The input
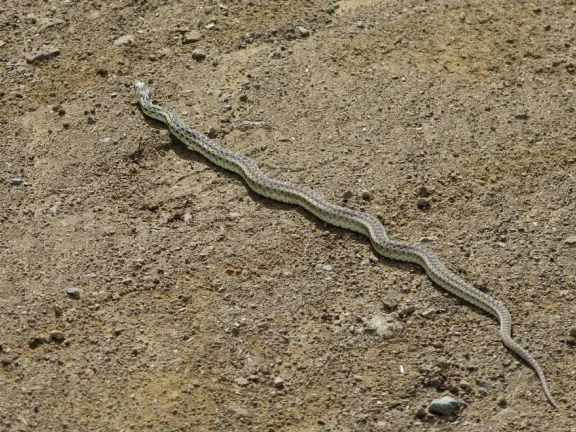Wonderful wide open spaces with mountains of all shapes and sizes! First mile is shady. Four mile out and back, or five mile lollipop loop hike. Optional detours: architecture creations, or mountaintop swing.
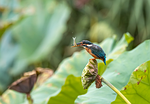 bird kingfisher fish nature waterfowl water close up stock photo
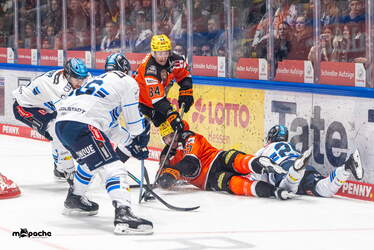 Löwen Frankfurt - ERC Ingolstadt - 18.1.26 - 077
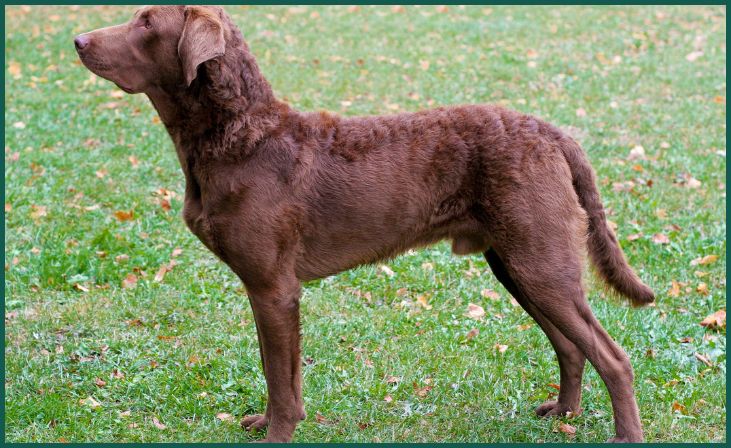 Chesapeake Bay Retriever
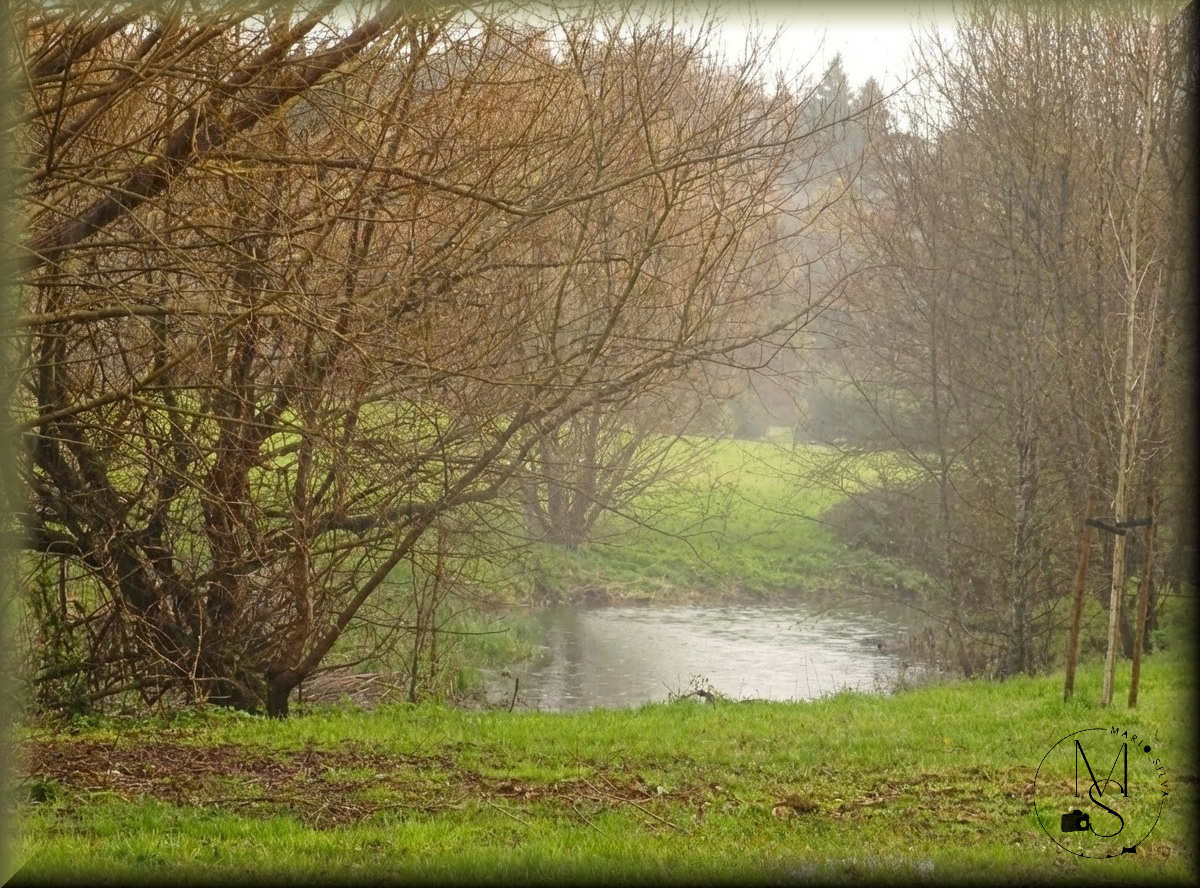 09Fev s2w7sus2w7sus2w7_ms.jpg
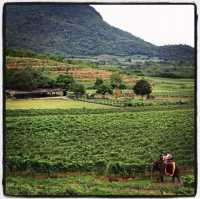 Monsoon Valley Vineyard HuaHin
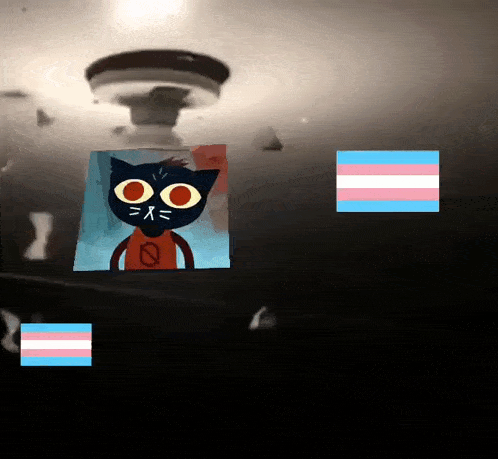 a picture of a cat with a no sign on its chest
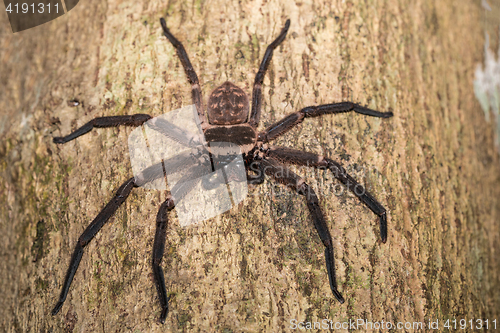 Image of big huntsman spider on tree Madagascar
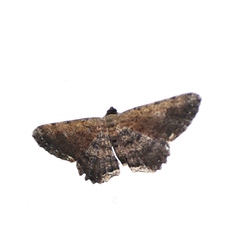 Ruttellerona pallicostaria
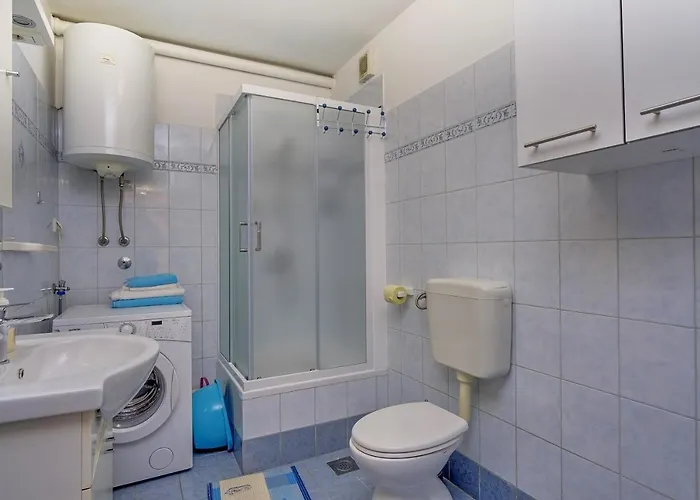 Zerjav * マリ・ロシニュ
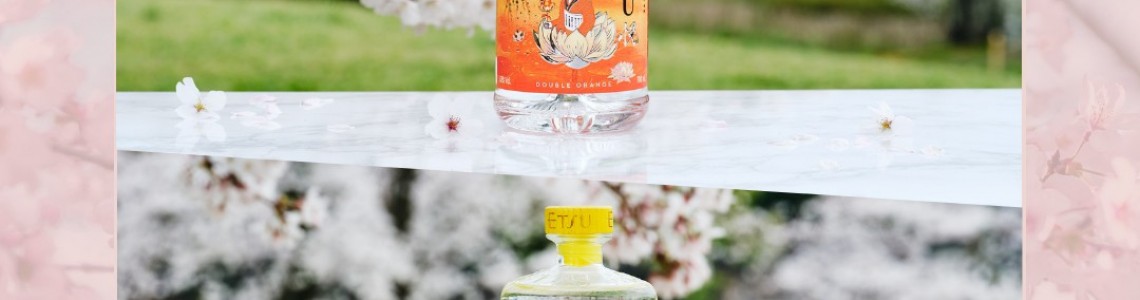 ETSU Double Yuzu and Double Orange Gin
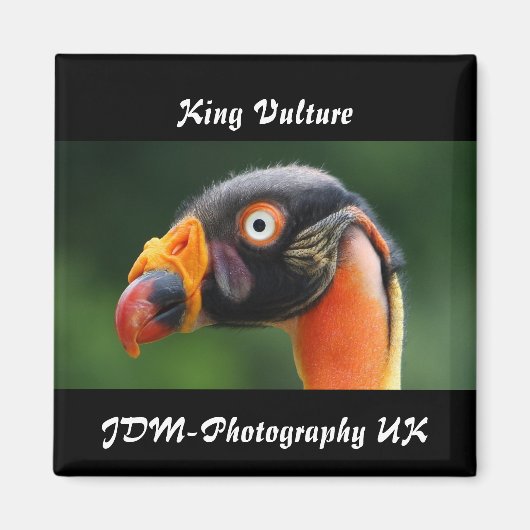 King Vulture Magneet (Voorkant)
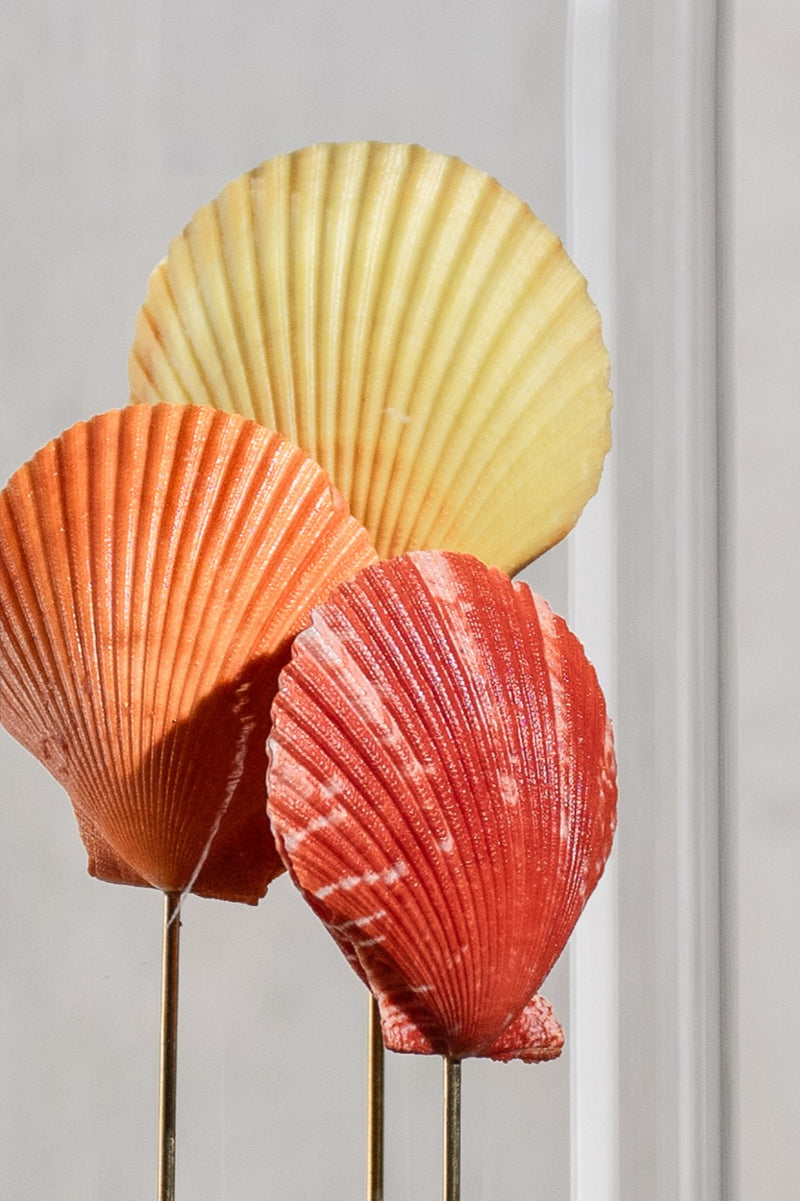 GLASS BELL JAR - SHELLS COLOURFUL (THREE)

Work item
Give back the entries above exactly as they stand. Leave the images out.

Reply to the task
Wonderful wide open spaces with mountains of all shapes and sizes! First mile is shady. Four mile out and back, or five mile lollipop loop hike. Optional detours: architecture creations, or mountaintop swing.
 bird kingfisher fish nature waterfowl water close up stock photo
 Löwen Frankfurt - ERC Ingolstadt - 18.1.26 - 077
 Chesapeake Bay Retriever
 09Fev s2w7sus2w7sus2w7_ms.jpg
 Monsoon Valley Vineyard HuaHin
 a picture of a cat with a no sign on its chest
 Image of big huntsman spider on tree Madagascar
 Ruttellerona pallicostaria
 Zerjav * マリ・ロシニュ
 ETSU Double Yuzu and Double Orange Gin
 King Vulture Magneet (Voorkant)
 GLASS BELL JAR - SHELLS COLOURFUL (THREE)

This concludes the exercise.